GIVEN INFORMATION -
=====

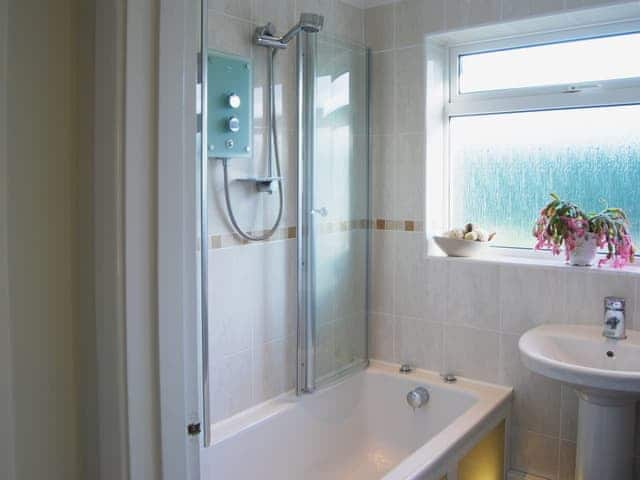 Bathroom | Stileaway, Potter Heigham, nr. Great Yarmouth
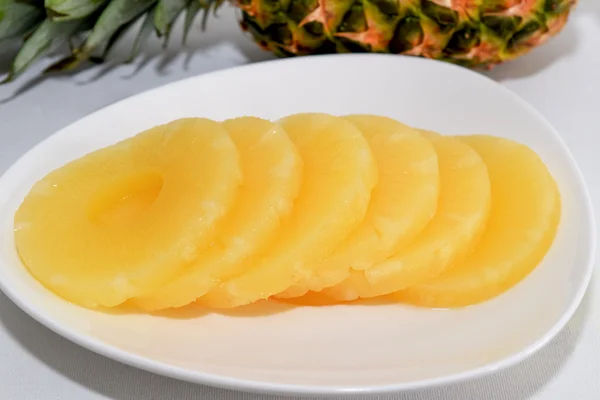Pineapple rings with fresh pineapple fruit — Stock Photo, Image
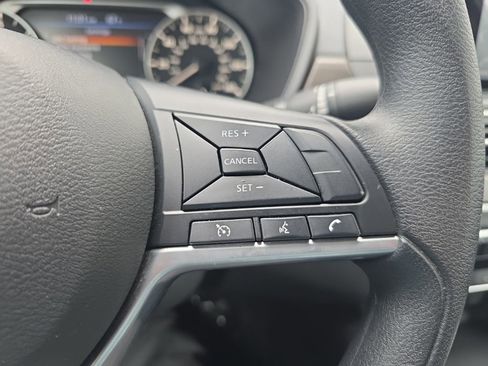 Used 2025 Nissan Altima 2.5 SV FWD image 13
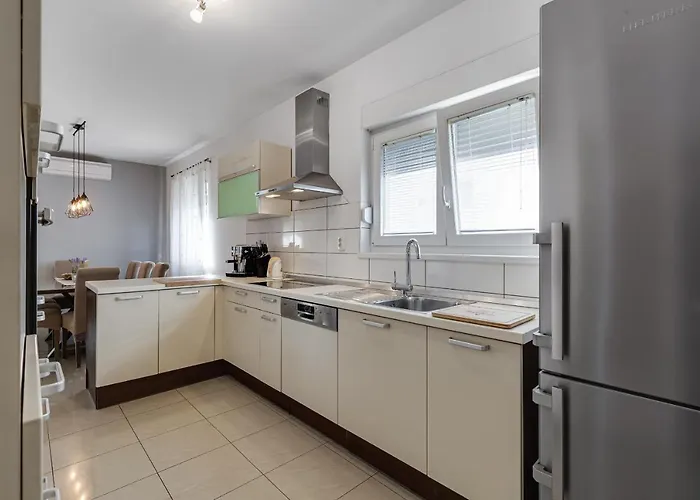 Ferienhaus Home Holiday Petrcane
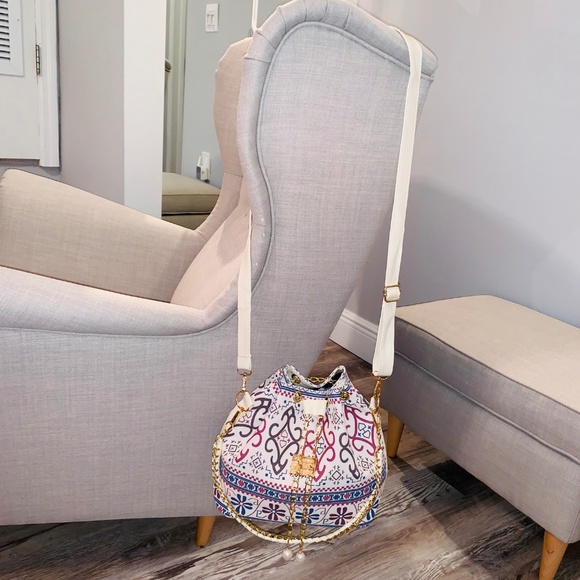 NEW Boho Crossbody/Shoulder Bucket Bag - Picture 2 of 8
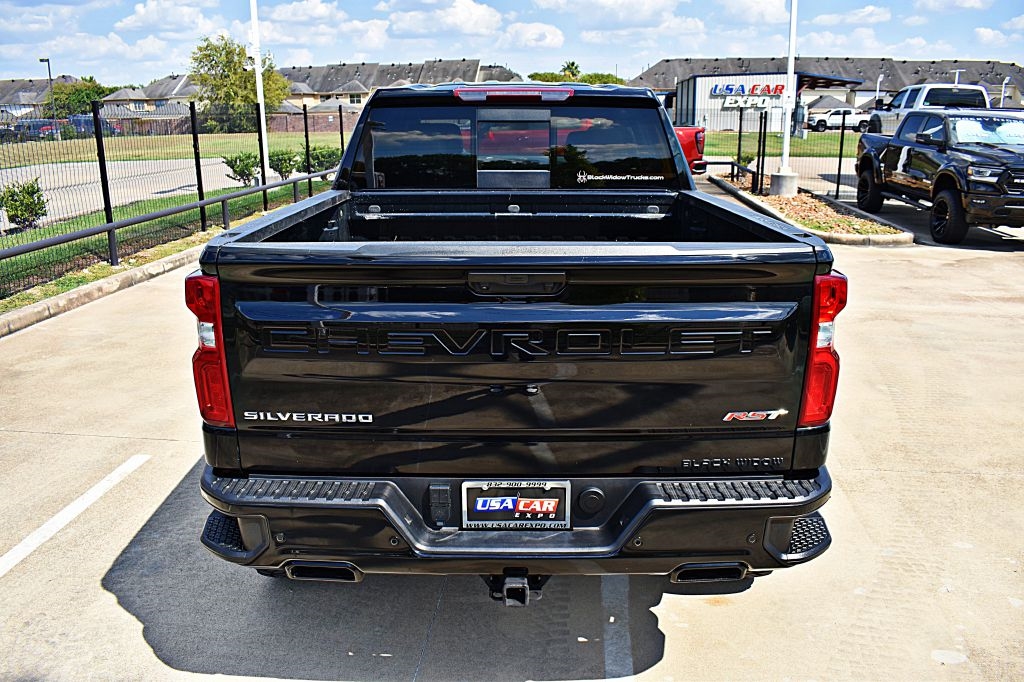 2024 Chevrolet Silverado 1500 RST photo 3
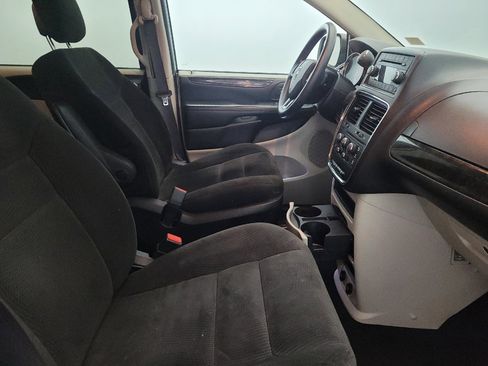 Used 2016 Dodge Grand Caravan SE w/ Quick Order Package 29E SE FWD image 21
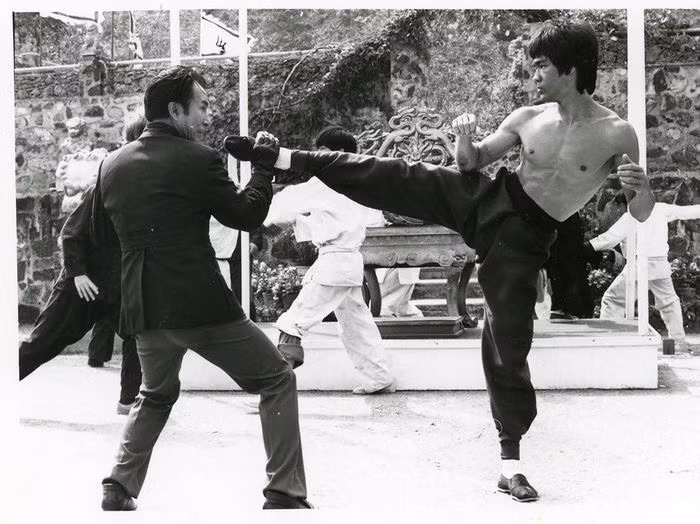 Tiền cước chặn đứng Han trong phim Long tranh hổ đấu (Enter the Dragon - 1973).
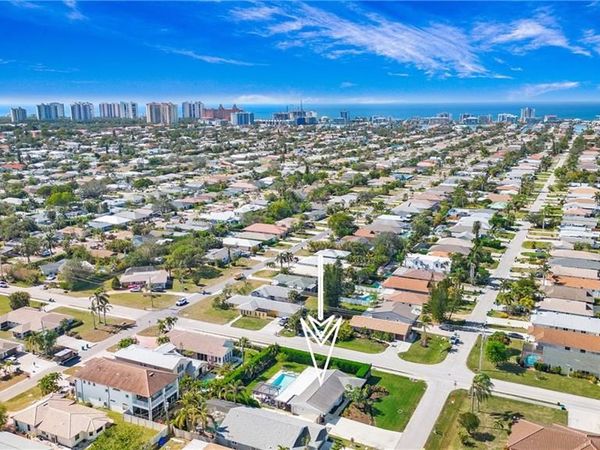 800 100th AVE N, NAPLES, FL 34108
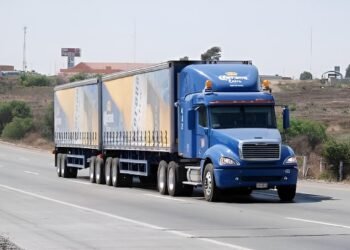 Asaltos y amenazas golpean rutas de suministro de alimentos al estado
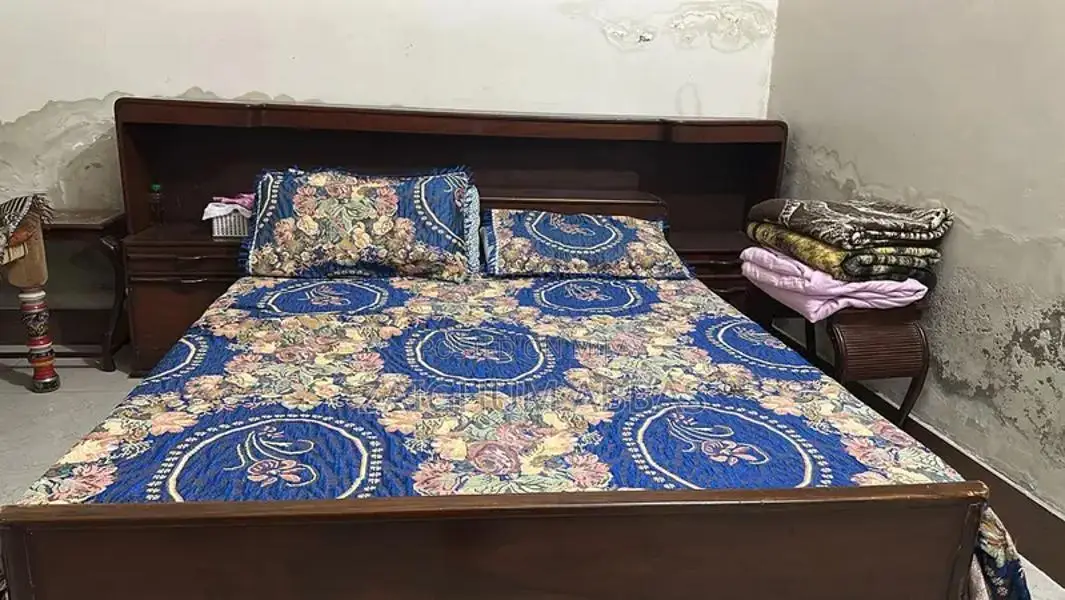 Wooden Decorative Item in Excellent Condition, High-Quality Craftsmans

=====

DIRECTIONS -
Because pictures are not wanted, give every entry above again exactly without them.

OUTPUT -
 Bathroom | Stileaway, Potter Heigham, nr. Great Yarmouth
Pineapple rings with fresh pineapple fruit — Stock Photo, Image
 Used 2025 Nissan Altima 2.5 SV FWD image 13
 Ferienhaus Home Holiday Petrcane
 NEW Boho Crossbody/Shoulder Bucket Bag - Picture 2 of 8
 2024 Chevrolet Silverado 1500 RST photo 3
 Used 2016 Dodge Grand Caravan SE w/ Quick Order Package 29E SE FWD image 21
 Tiền cước chặn đứng Han trong phim Long tranh hổ đấu (Enter the Dragon - 1973).
 800 100th AVE N, NAPLES, FL 34108
 Asaltos y amenazas golpean rutas de suministro de alimentos al estado
 Wooden Decorative Item in Excellent Condition, High-Quality Craftsmans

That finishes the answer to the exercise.